• **ACTION ITEM**:
Pictures are to be left out, and only the lines below starting at the one with "Una stazione della" and ending at the one with "Red Lotus sports" are to be reproduced, each exactly, both ends included.

• **RECORDS SHOWN**:
-*-*-

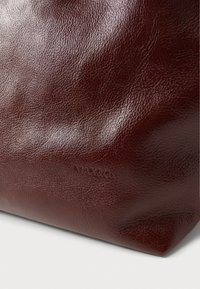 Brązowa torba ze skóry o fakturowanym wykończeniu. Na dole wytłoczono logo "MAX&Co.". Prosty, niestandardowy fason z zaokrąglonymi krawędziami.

-*-*-

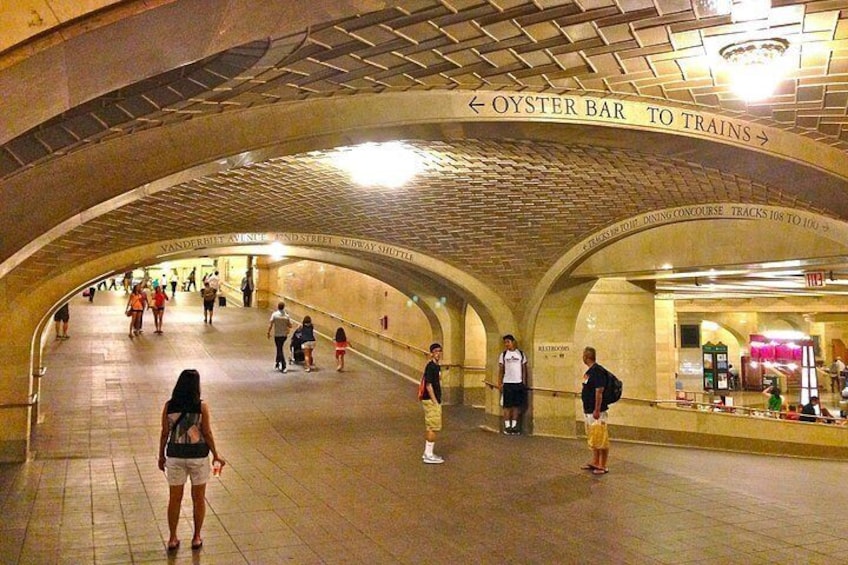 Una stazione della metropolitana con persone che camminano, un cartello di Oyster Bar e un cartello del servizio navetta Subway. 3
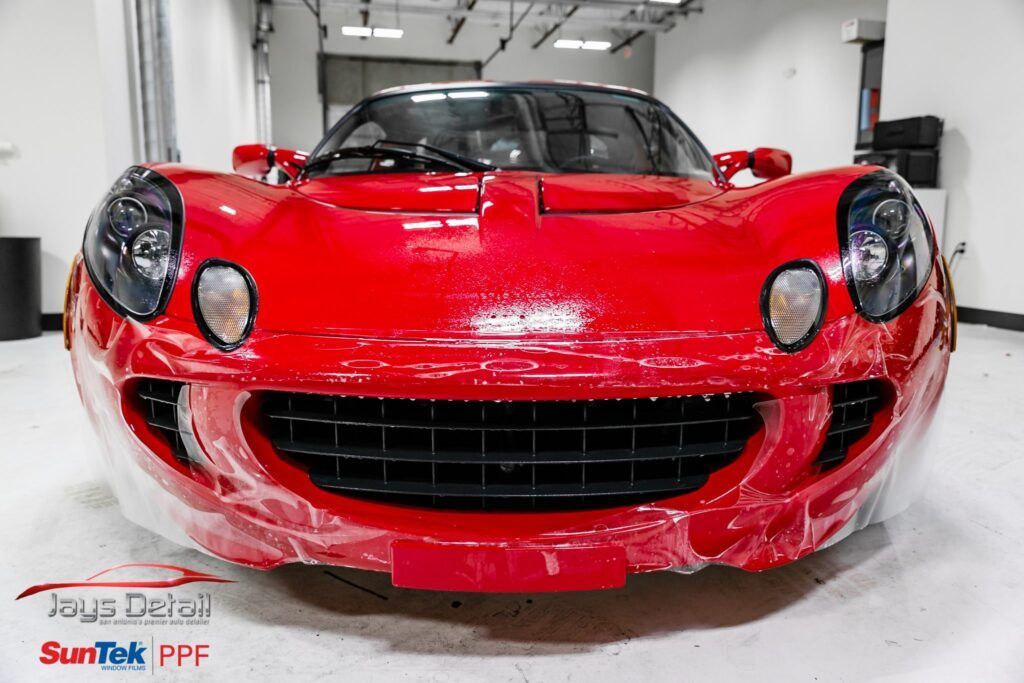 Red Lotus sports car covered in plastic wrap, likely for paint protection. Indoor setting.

-*-*-

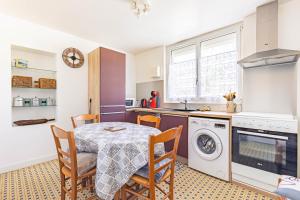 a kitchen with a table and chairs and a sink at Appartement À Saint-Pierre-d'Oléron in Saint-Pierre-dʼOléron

-*-*-

• **RESULT BELOW**:
 Una stazione della metropolitana con persone che camminano, un cartello di Oyster Bar e un cartello del servizio navetta Subway. 3
 Red Lotus sports car covered in plastic wrap, likely for paint protection. Indoor setting.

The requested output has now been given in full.